探訪

大分の特高太陽光、大ガスが取得、「1GW」に向け着々(page 2)

国産太陽光パネルの性能劣化は「7年で1%未満」

2020/11/10 05:00
金子憲治=日経BP総合研究所 クリーンテックラボ
印刷用ページ

オーナーは日揮から大阪ガスに

 実は、このメガソーラーのSPCは当初、「日揮みらいソーラー」だったが、2019年12月に、「Daigas大分みらいソーラー」に変わった。元々は、日揮が100%出資して事業化したものの、2014年5月に大阪ガスが49%出資して太陽光発電事業に参画した。さらに大阪ガスは、2019年12月に日揮の保有する全株を取得して、100%子会社にした。

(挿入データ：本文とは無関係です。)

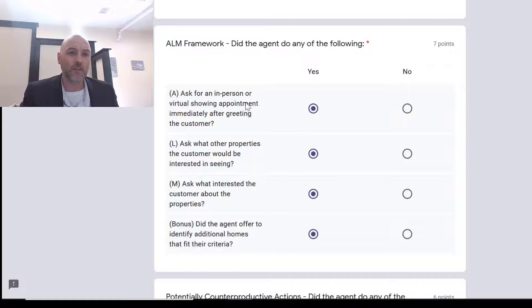Did you ask for an in-person or visual showing appointment immediately after the greeting? That needs to happen. So: 'hey, this is Joe Heller with Room Real Estate, I see here you're looking at a property located at 325 Main Street — can I get you into this property? When can I get you into the property? I'm happy to book an appointment with you.' That would be a yes if you were proactive.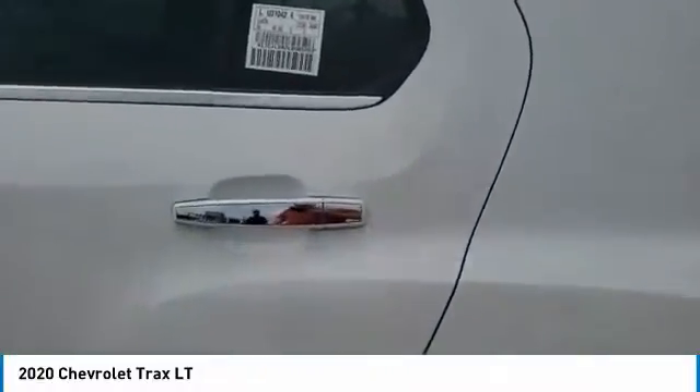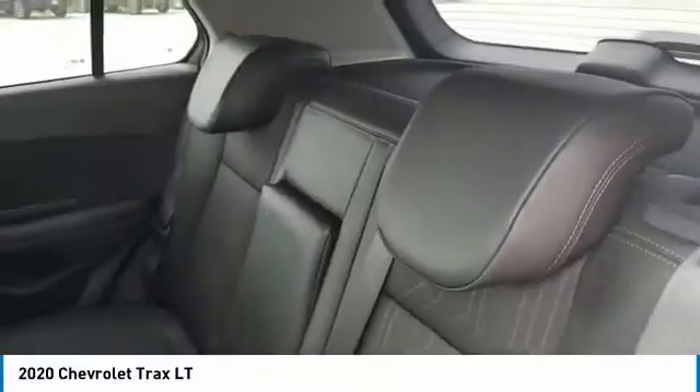This isn't just a vehicle, it's an experience. So stop in for a test drive today.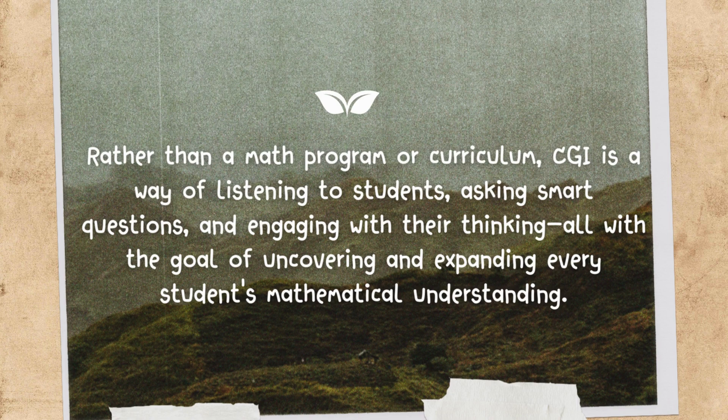It is really based on using students' own thinking as the foundation for instruction. In other words, teachers base what they do off of what the students already know.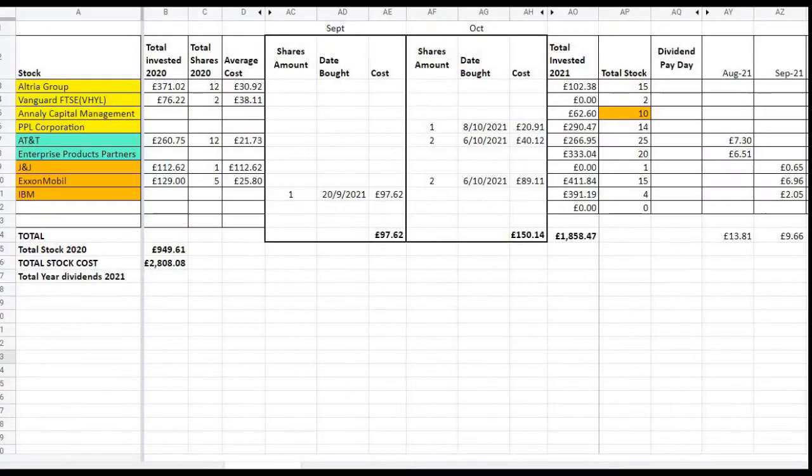Looking at my quarterly paying dividends for the month of September, I bought one share of IBM on the 20th of September 2021 at a cost of £97.62. For my quarterly dividend income for September: J&J — £0.65; Exxon Mobil — £6.96; and IBM — £2.05. That gives me a quarterly dividend income of £9.66 for the month of September 2021.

 こうした出資企業の移り変わりは、国内の再生可能エネルギー事業の担い手が変わりつつある流れを示しており、その点でも、「日産グリーンエナジーファームイン大分」は、国内の再エネを巡るビックビジネスの最先端にあると言える(図2)。

図2●SPCへの出資者が日揮から大阪ガスに代わった
(出所:日経BP)
クリックすると拡大した画像が開きます

 日揮グループにとってこの発電所は、ほぼ初めての特高メガソーラーにおけるEPC受注となった。そこで、リスクをとって発電事業に出資し、国内の再エネ事業で経験のある四電エンジニアリングと組むことでノウハウを吸収した。その後、日揮は、メガソーラーのEPCサービス事業を広く展開し、岩手県軽米町などでさらに大規模なプロジェクトを完成させている。

 一方、ここ数年、エネルギー業界全体に「脱炭素」の波が本格的に押し寄せ、電力大手から、石油、そしてガス大手企業が本気で再エネ事業に乗り出している。FITで市場が拡大した国内の再エネビジネスは、商社や外国資本などによる投資的な位置づけから、FIT後も睨み脱炭素型電源の大量確保を目指すエネルギー大手に主導権が移りつつある。